C'est finalement Rodri Hernández, un milieu défensif formé à Villarreal et lancé dans le grand bain par Marcelino García Toral, passé par les mains expertes du Cholo Simeone pendant une saison à l'Atlético avant de devenir une référence absolue à son poste avec Pep Guardiola à Manchester City. Trois anciens milieux de terrain, dans trois styles différents : cela ne peut être une coïncidence quant au développement depuis près d'une décennie du "pivote" qui s'est imposé comme la référence absolue à son poste depuis plusieurs saisons.
Une première depuis... 28 ans !
Même s'il fut l'unique buteur de la finale de la Ligue des Champions, même avec un triplé conquis avec son club, le Madrilène était un profil trop défensif pour être célébré, surtout au terme d'une saison où Lionel Messi était devenu champion du monde.
MVP de l'Euro remporté par l'Espagne, sa chance semblait néanmoins passée.

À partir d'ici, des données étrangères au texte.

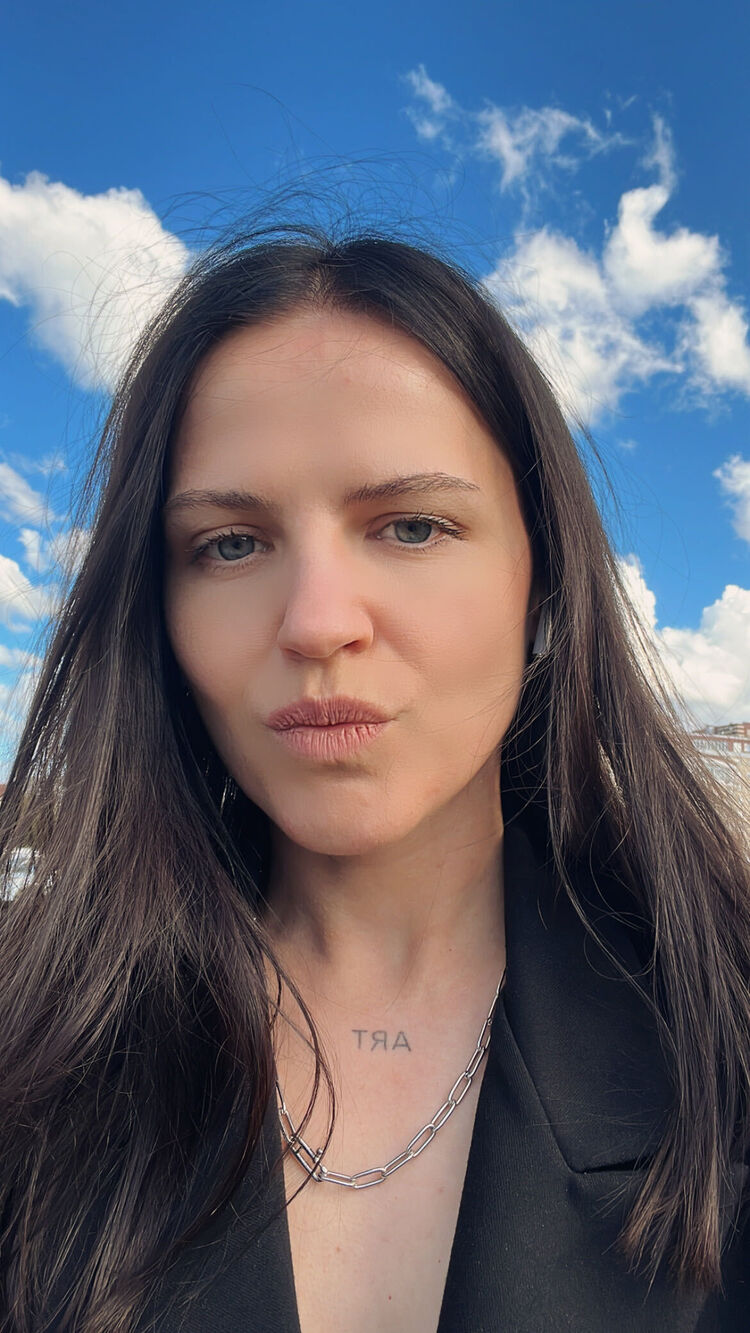 ���������� �����, ���� ������� Adelina, 35 ���, ������������ ��� ������, ����� � ���������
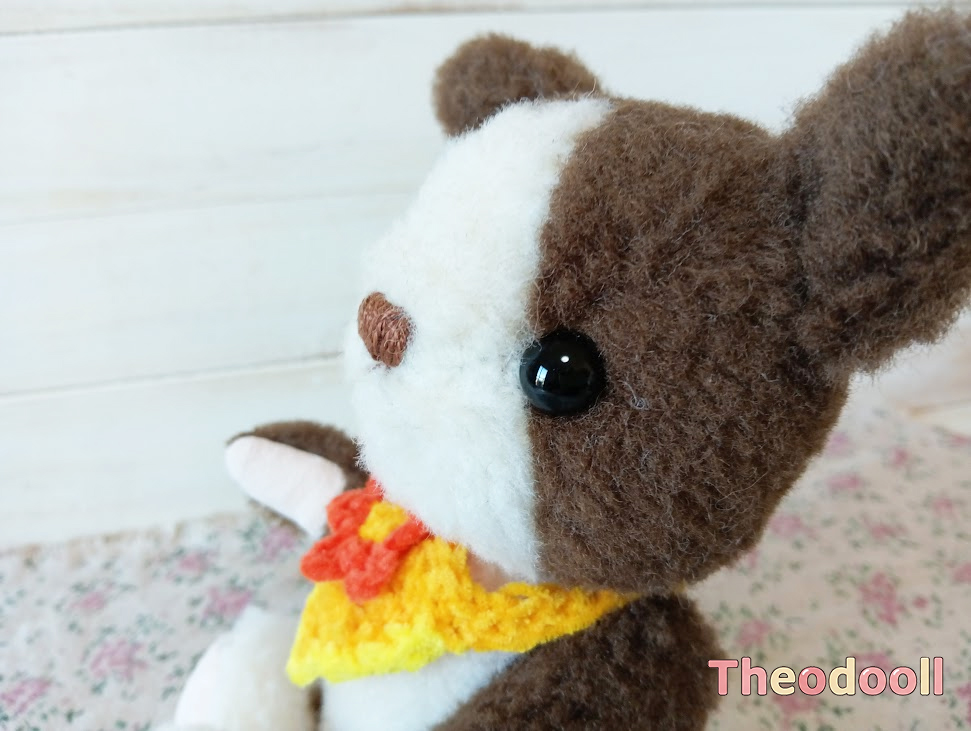 白とこげ茶の猫さん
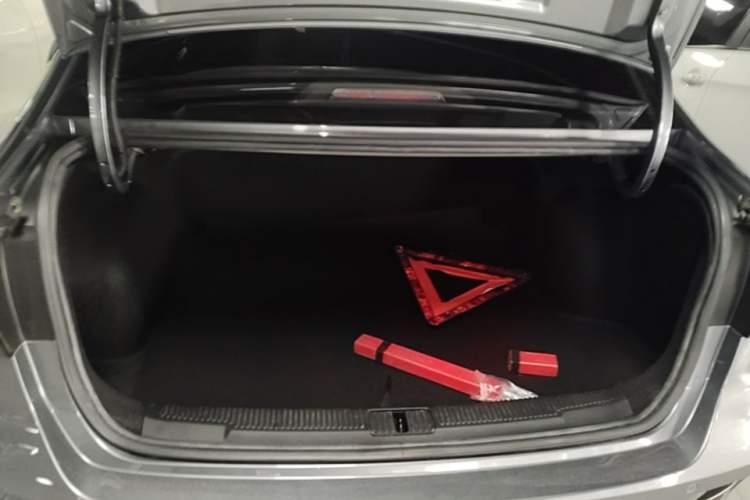 Used Roewe i5 2021 1.5L Manual Platinum Edition Trunk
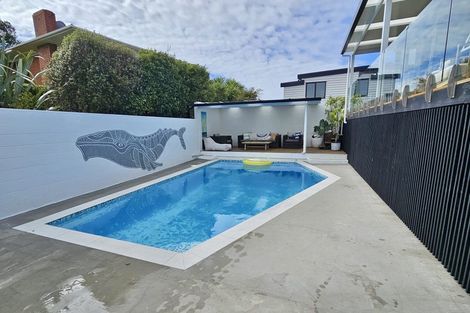 Photo of property in 3/3 Marama Street, Castor Bay, Auckland, 0620
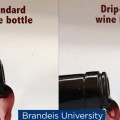 Un científico creó una botella de vino que no derrama para que no vuelvas a manchar el mantel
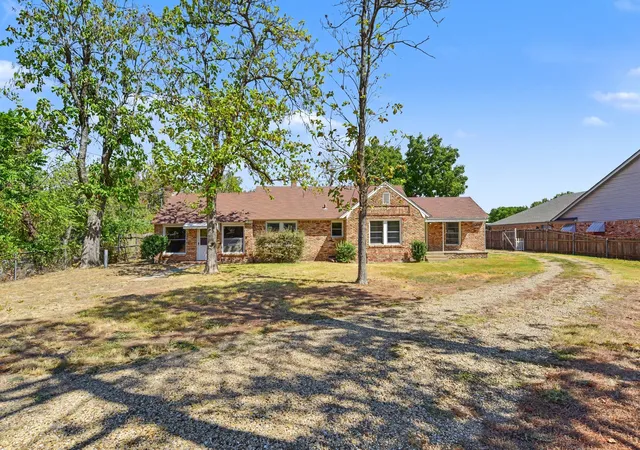 Photo 1 of Single family home for sale at 10609 Seagoville Rd, Dallas, TX 75217 | MLS# 21380187 | Listing updated on 2026-09-09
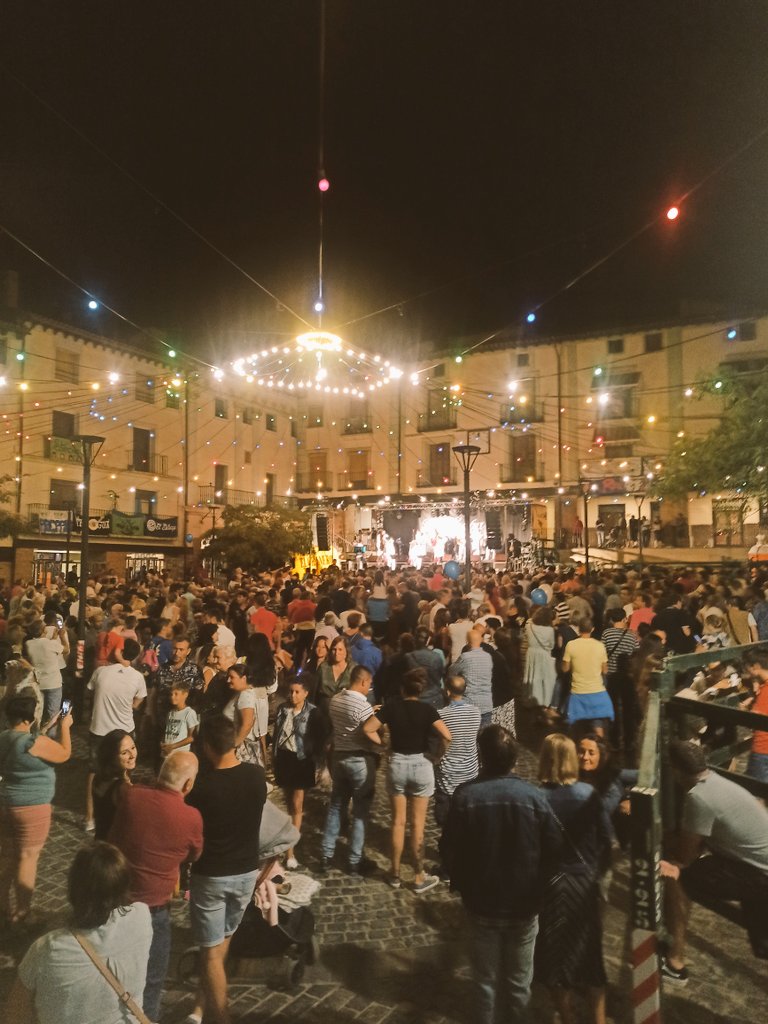 Anaaaaavis's tweet photo. #ejeaenfiestas2022 @aytoejea https://t.co/O0TSmjA29I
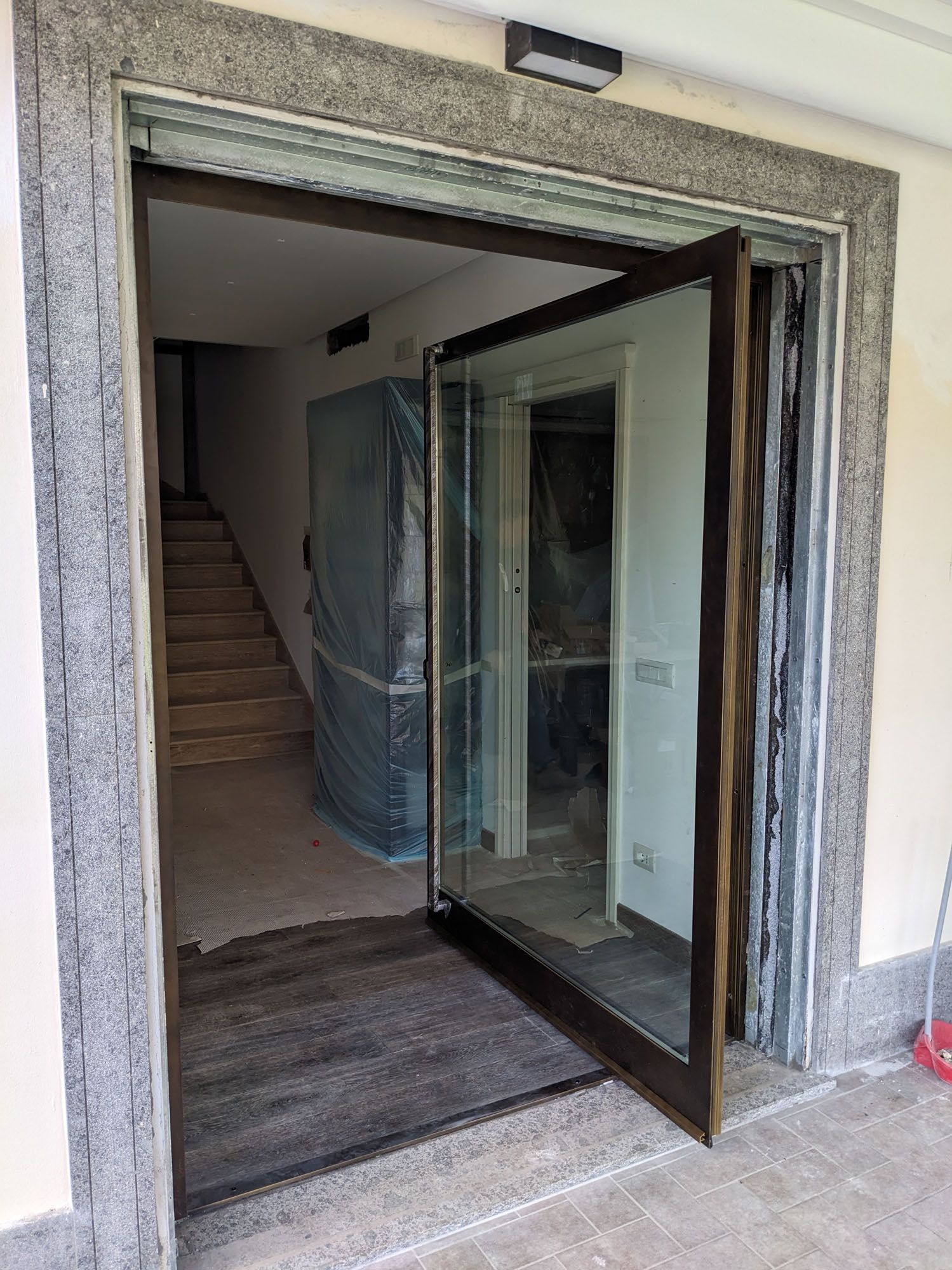 poita d'ingresso vetro con struttura in acciaio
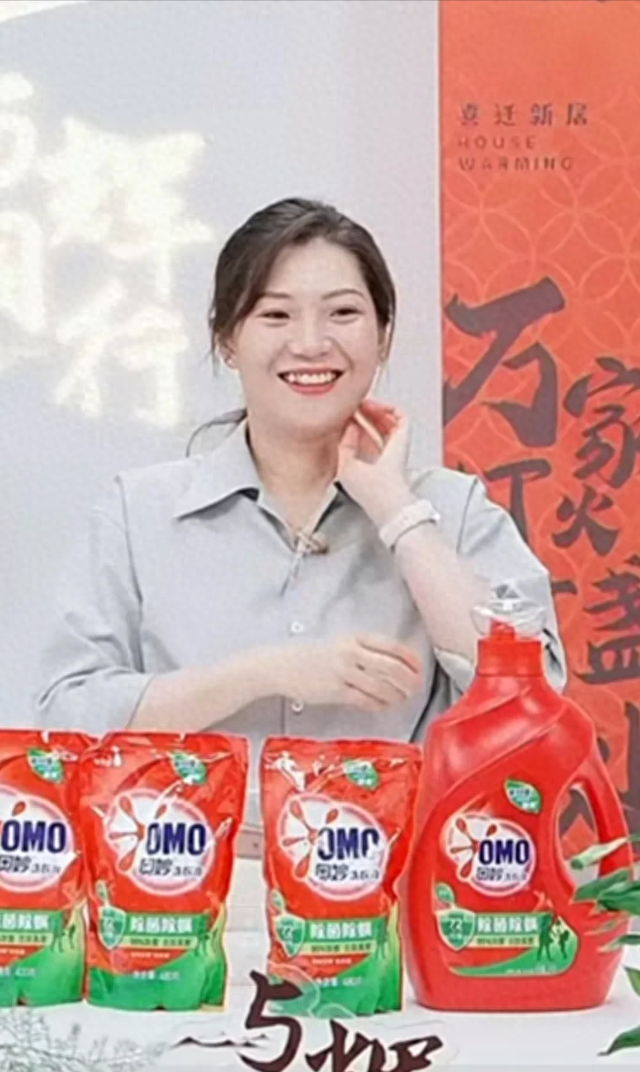 美女猴盼盼!一上播就自我介绍:大家好,我是与辉同行的猴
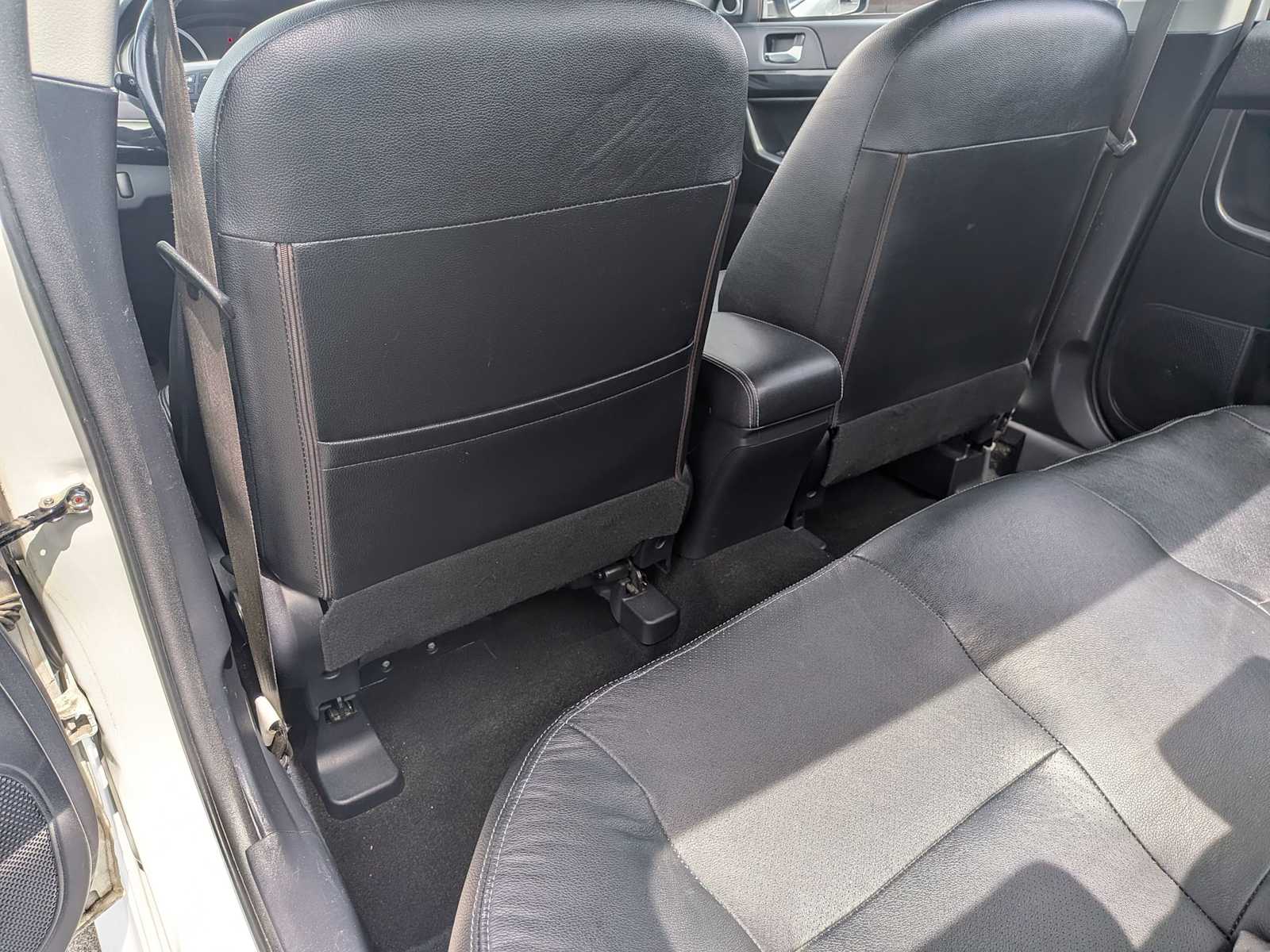 Thumbnail: 2013 Mitsubishi Lancer - 15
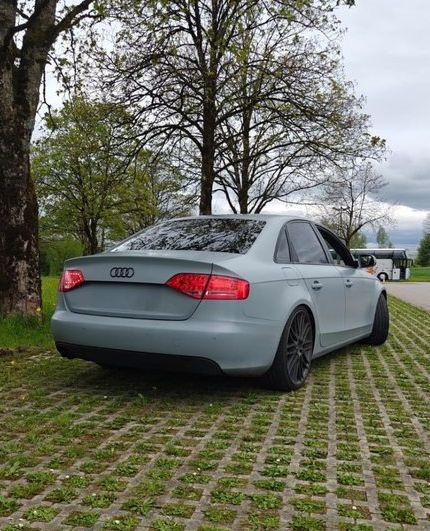 Audi A4 2.0 TFSI 211 PS in Nardo Grau Audi Audi A4 2.0 TFSI 211 quat. S-Tronic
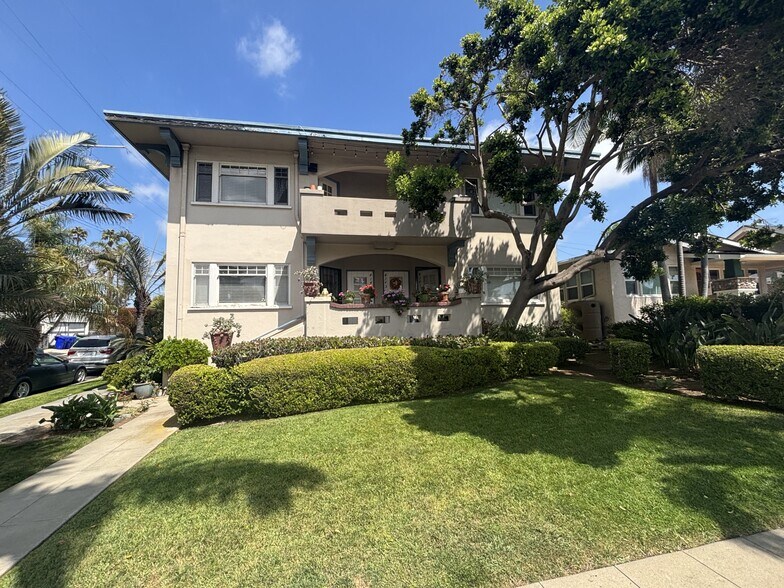 Primary Photo Of 4141-4147 Ingalls St, San Diego Apartments For Sale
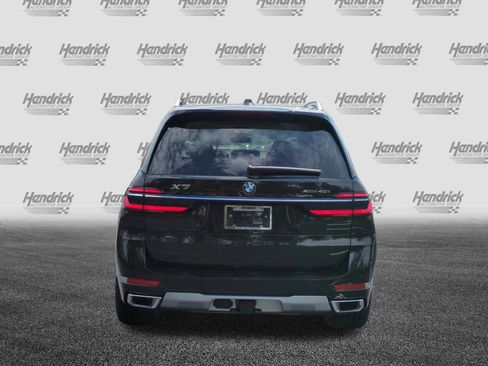 Used 2026 BMW X7 xDrive40i AWD/4WD image 9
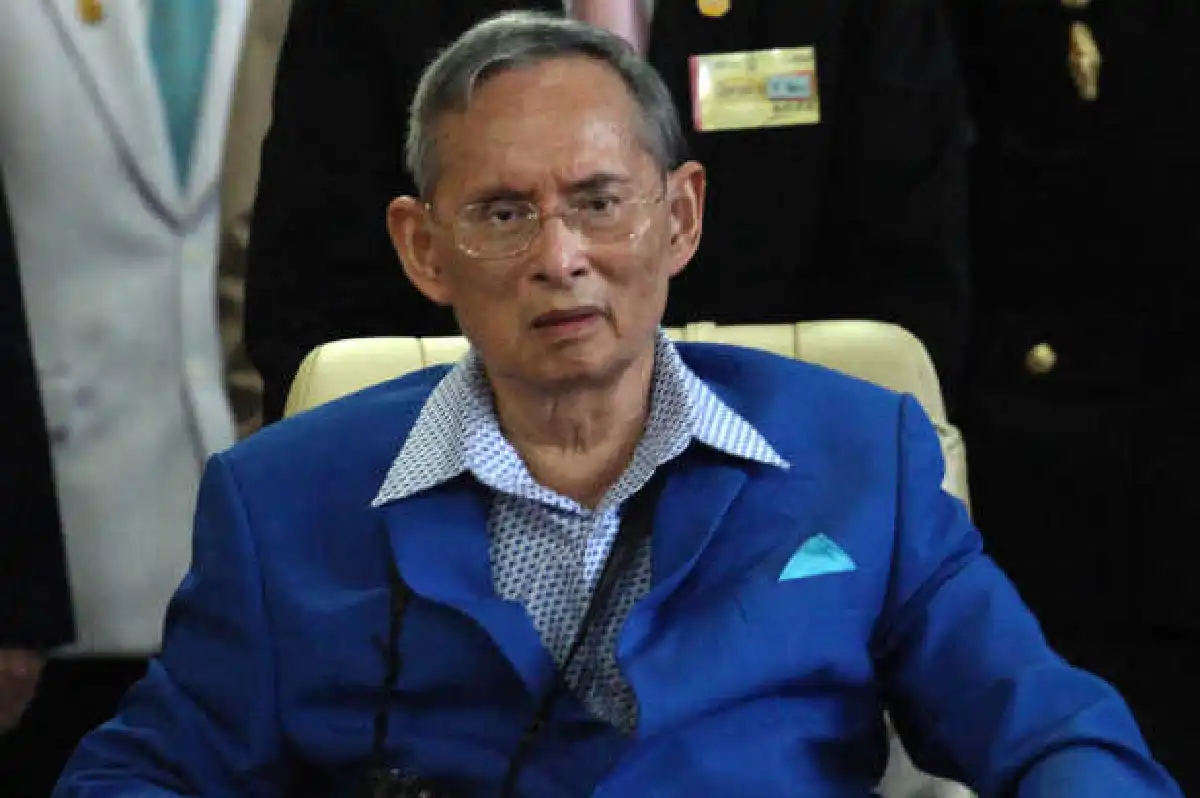 "ในหลวง-ราชินี"เสด็จฯทอดพระเนตรจิตรกรรมฝาผนัง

Après tout, fidèle à son registre de jeu, il n'en a jamais fait un objectif, encore moins une fixation. Champion d'Espagne, buteur en finale de la C1 pour la deuxième fois de sa carrière, Vinicius Jr semblait tout indiqué pour remporter le prestigieux trophée, d'autant que le Real Madrid, expert du lobbying en la matière, passe rarement à côté de la timbale quand il domine une saison qui plus est avec ce Brésilien virevoltant, longtemps critiqué par ses propres supporters avant de mettre tout le monde d'accord au prix d'efforts immenses et constants.
Battu aux tirs au but par la Casa Blanca en 1/4 de finale, City n'a pu réaliser le back-to-back en Ligue des Champions et si une SuperCoupe d'Europe et un titre de champion du monde des clubs sont venus garnir l'armoire à trophées, la saison s'est limitée à la conservation du titre en Premier League tandis que la Cup a été ravie par Manchester United, rival pourtant exsangue.
Mais son brillant été avec la Selección a fait la différence, juste avant qu'une foutue blessure au genou ne le prive de toute la saison 2024-2025. Ce n'est pas un Ballon d'Or sur une mais sur deux saisons qui lui a été attribué. C'est aussi un honneur décerné à une certaine forme de discrétion, même si son envolée lyrique lors des célébrations de la victoire à l'Euro sur l'appartenance de Gibraltar à l'Espagne n'est pas passé inaperçue, frisant même avec l'incident diplomatique avec le Royaume-Uni.
Pour la première fois depuis Fabio Cannavaro en 2006, ce n'est pas un nombre de buts qui a été sacré mais un état d'esprit, un sens du sacrifice, le travail de l'ombre pour faire briller les autres. Preuve que ce Ballon d'Or 2024 restera pour longtemps comme une anomalie dans le palmarès, il faut remonter à 1996 et Matthias Sammer pour retrouver un milieu défensif couronné. La cérémonie était beaucoup moins grandiloquente qu'elle ne l'est aujourd'hui et le mérite est d'autant plus grand pour Rodri, le discret qui, pour une fois, est mis tout seul sous le feu des projecteurs.